Desde la infancia se les debe inculcar que la fe en la resiliencia humana —como el marino a su brújula— es más poderosa que cualquier viento adverso.
Nunca deben creer en épocas de decadencia ni en imperios irremediablemente destruidos. Lo que deben observar son sistemas, civilizaciones y estructuras que, como todo en la vida —incluyéndonos a nosotros los seres humanos—, se desgastan con el tiempo.
Pero ese desgaste no es muerte: es ciclo. Y los ciclos, como el mar, siempre regresan. En la historia cada ocaso anuncia un amanecer. Como en la navegación astronómica hay que mirar el horizonte con paciencia para entender que la oscuridad no es ausencia de rumbo, sino el intervalo entre dos luces.
En ese contexto de permanencia espiritual, se debe pensar con firmeza que nuestros descendientes deben ser formados con educación cívica, al margen de ideologías disociadoras que intentan borrar la trascendencia del alma. Porque cuando se debilita la conciencia colectiva de una nación sus generaciones pierden el norte y el timón se torna vano frente a los vendavales del relativismo.
Los líderes visionarios dotados de temple forjan generaciones para enfrentar su propia época.

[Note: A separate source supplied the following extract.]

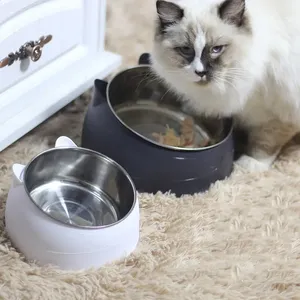 1 pièce, gamelles modernes automatiques en acier inoxydable et plastique réglables pour animaux de compagnie, pour chats et chiens, capacité de 200 ml - Product Image 3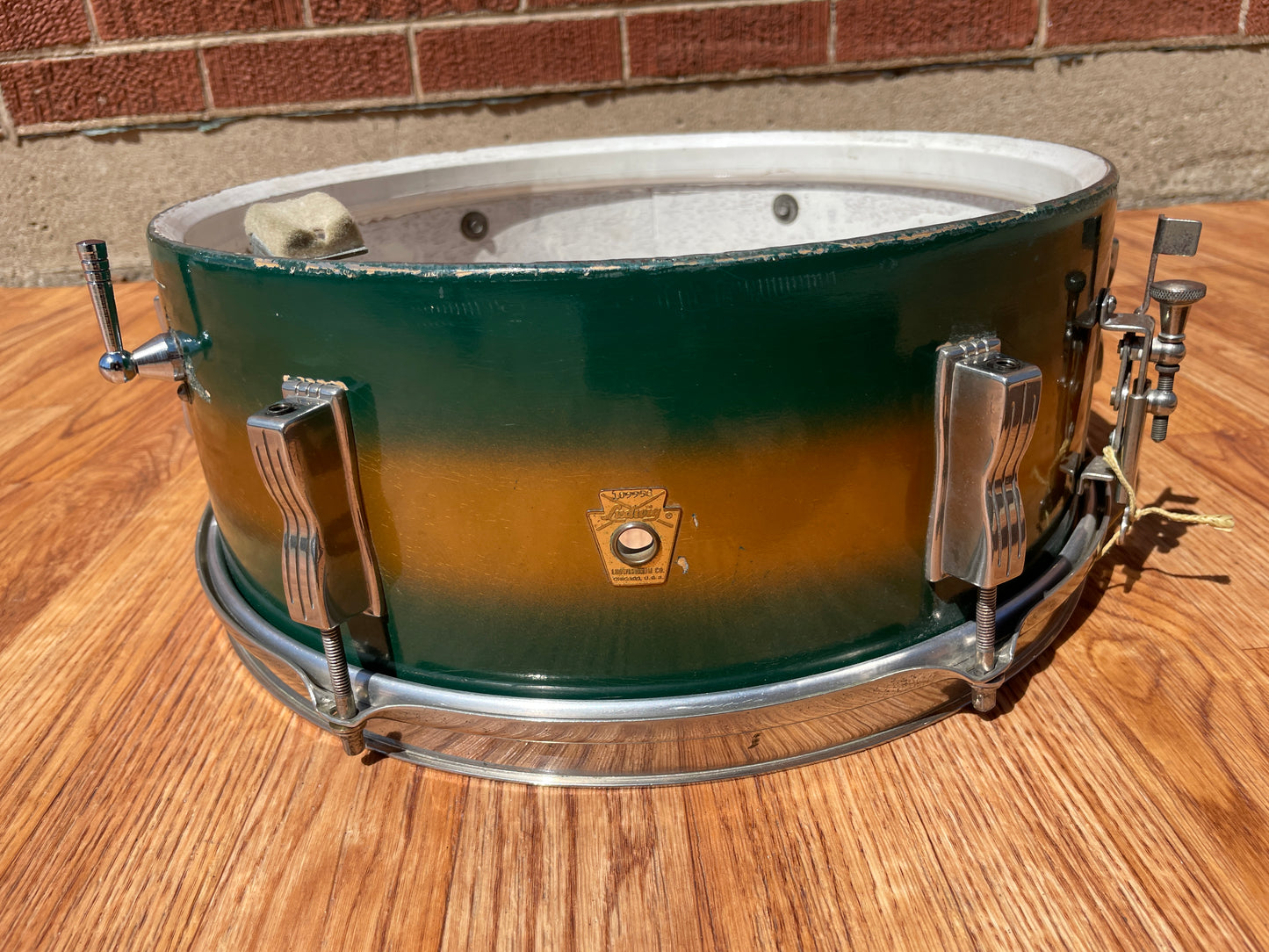 1965 Ludwig 5x14 Pioneer Snare Drum Green / Gold Duco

La adversidad no es un castigo: es una escuela. Así lo entendieron las naciones arrasadas por la guerra.
En Europa, Inglaterra sobrevivió al Blitz; Polonia renació entre ruinas; Francia se reconcilió con su pasado; España, tras su desgarradora guerra civil, reconstruyó su identidad. No fue el azar. Fue el carácter. La entereza de sus generaciones formadas en la escasez, templadas en el dolor y fortalecidas por la responsabilidad colectiva.
Aquellas generaciones no se quedaron atrapadas en el lamento ni en el pesimismo estéril: evolucionaron sin claudicar en sus valores fundamentales. No renegaron de su historia ni negaron sus raíces. Asumieron el pasado con madurez y desde ahí proyectaron su porvenir.

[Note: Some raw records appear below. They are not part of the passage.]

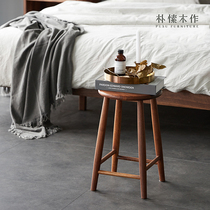 Day Style Black Walnuts Stools High Foot Makeup Stool Mortice furniture Home solid wood Nordic round stool cherry wood Bench Bench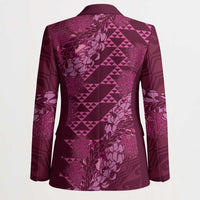 Pink Aloha Hawaii Blazer Hawaiian Kakau Ohia Lehua Lei - Polynesian Pride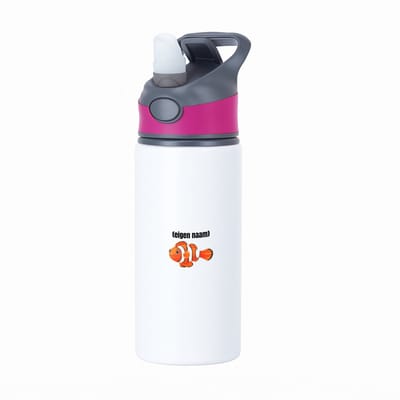 Hacebo® - oranje vis (nemo) met eigen naam waterfles met rietje roze - Vis - vissen liefhebbers - iemand die houdt van vissen - verjaardag - cadeau - kado - water fles - 650ML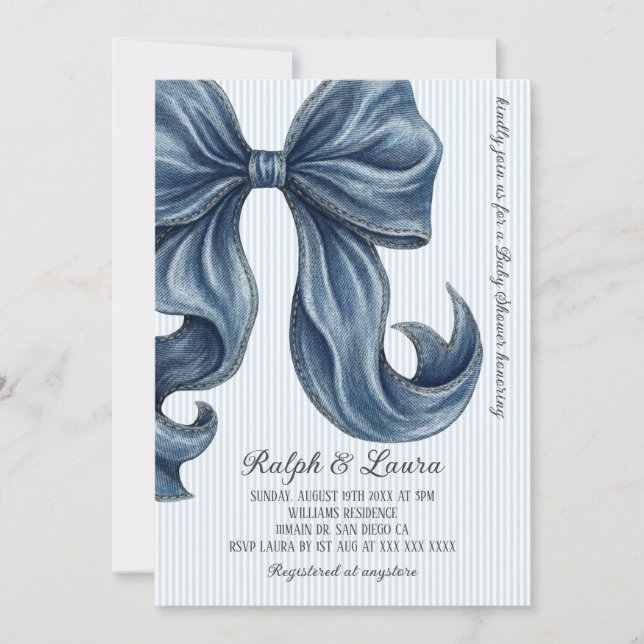 Invitation Modern Blue Jeans Bow Baby Shower (Devant)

Cuando decimos que fueron “superiores”, no nos referimos a una jerarquía biológica, sino a una disposición moral e histórica: supieron construir el futuro sin renunciar a su legado.
Nosotros, en cambio, muchas veces parecemos encerrados en las cavernas del resentimiento, paralizados por nostalgias estériles, por narrativas de victimismo que nos restan coraje. Hay que romper esa cadena. Hay que creer de nuevo en la disciplina, en el trabajo honrado, en la nobleza del esfuerzo. No existe redención sin sacrificio ni progreso sin exigencia.
El resto —el caos, el desconcierto, la llamada “crisis del mundo moderno”— en esta época, no es más que la revolución tecnológica vista desde la nostalgia. Lo que para algunos es una amenaza, para otros es oportunidad. Lo que el navegante temeroso ve como tormenta, el buen capitán lo ve como prueba.
Algunos pesimistas contemplan estos tiempos como si fuesen una devastación, el holocausto o el armagedón. Pero en realidad, son simplemente otro giro del timón en la vasta travesía de la humanidad. El que solo conoce el cabotaje teme al océano abierto.
No se debe temer a las tormentas, sino al ancla mental que impide zarpar. Porque hay ideas, miedos, rencores y dogmas que no son raíces: son solo el lastre emocional. Y ningún barco fue construido para quedarse amarrado en el puerto. Nuestra misión de vida es soltar amarras, izar velas y navegar con dignidad, sin olvidar que más allá del temporal siempre hay un horizonte promisorio.